##### DATA FOR THIS EXERCISE #####
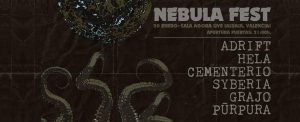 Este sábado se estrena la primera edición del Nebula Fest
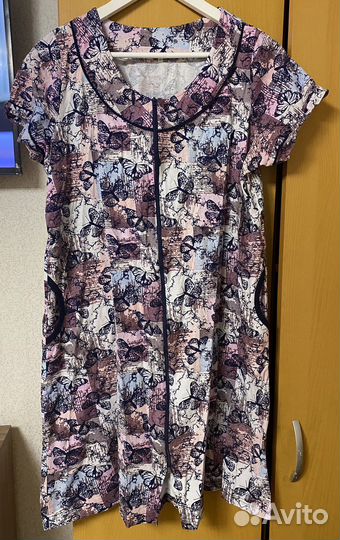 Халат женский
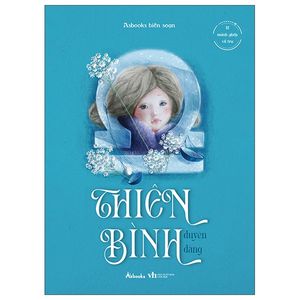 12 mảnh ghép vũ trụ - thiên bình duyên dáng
#####
##### DATA FOR THIS EXERCISE #####
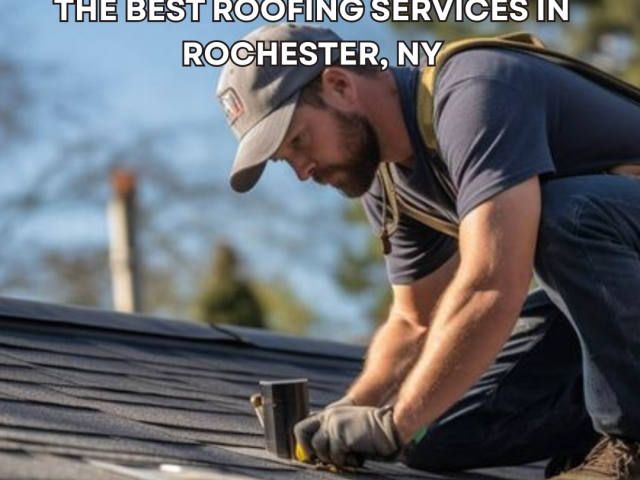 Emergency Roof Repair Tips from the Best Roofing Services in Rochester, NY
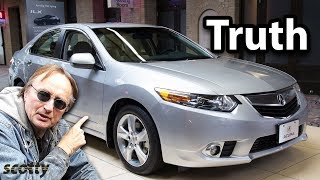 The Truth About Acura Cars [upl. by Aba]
#####
_GOAL OF THE EXERCISE_: Beginning with the line that contains "Emergency Roof Repair", write out the lines of the material above exactly, and end with the line that contains "The Truth About Acura Cars [upl. by Aba]". Omit the pictures.

_EXPECTED OUTPUT_:
 Emergency Roof Repair Tips from the Best Roofing Services in Rochester, NY
 The Truth About Acura Cars [upl. by Aba]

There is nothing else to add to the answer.